* [Source data]

=-=-=

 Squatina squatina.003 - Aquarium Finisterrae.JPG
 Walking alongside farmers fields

=-=-=

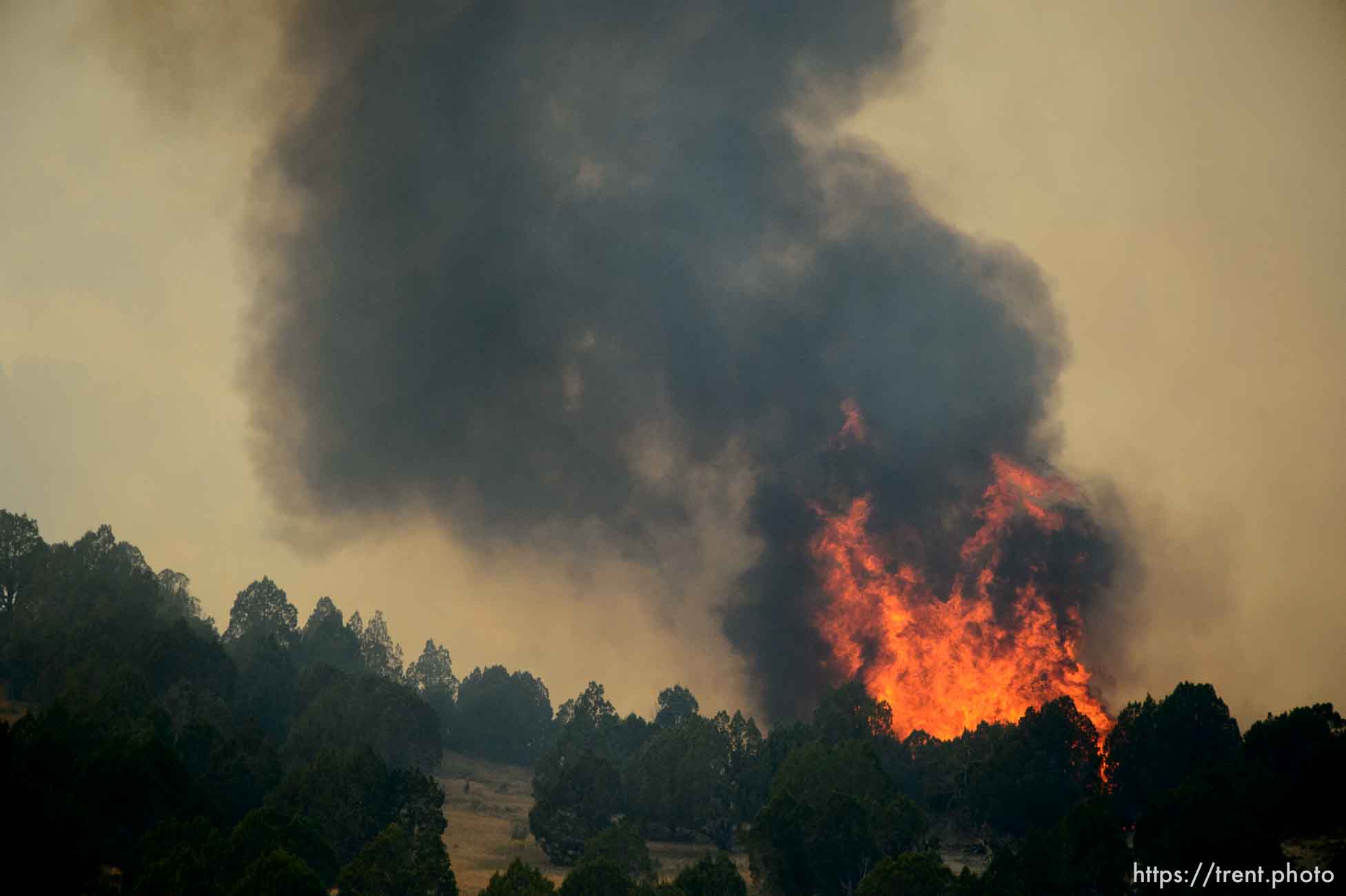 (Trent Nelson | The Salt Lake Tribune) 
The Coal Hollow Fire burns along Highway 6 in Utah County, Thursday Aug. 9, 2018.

=-=-=

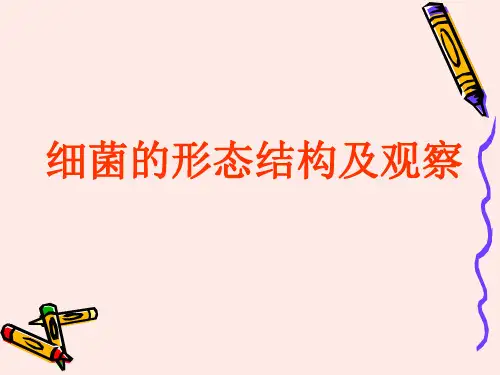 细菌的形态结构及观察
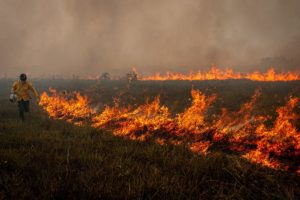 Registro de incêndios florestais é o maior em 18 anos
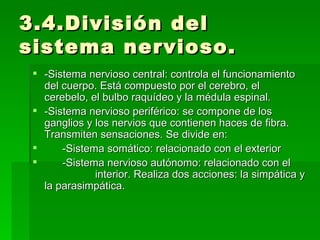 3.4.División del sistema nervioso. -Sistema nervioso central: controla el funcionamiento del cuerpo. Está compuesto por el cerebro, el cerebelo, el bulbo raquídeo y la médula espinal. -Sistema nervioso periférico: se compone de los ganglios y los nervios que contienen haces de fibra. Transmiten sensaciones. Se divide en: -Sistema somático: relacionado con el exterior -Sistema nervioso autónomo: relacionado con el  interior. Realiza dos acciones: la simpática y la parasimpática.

=-=-=

* [Directions]
Within the listing above, the range opens at the line with "Squatina squatina.003 - Aquarium" and closes at the line with "Walking alongside farmers fields". Reproduce exactly the lines of that range, including both ends.

* [Result of this exercise]
 Squatina squatina.003 - Aquarium Finisterrae.JPG
 Walking alongside farmers fields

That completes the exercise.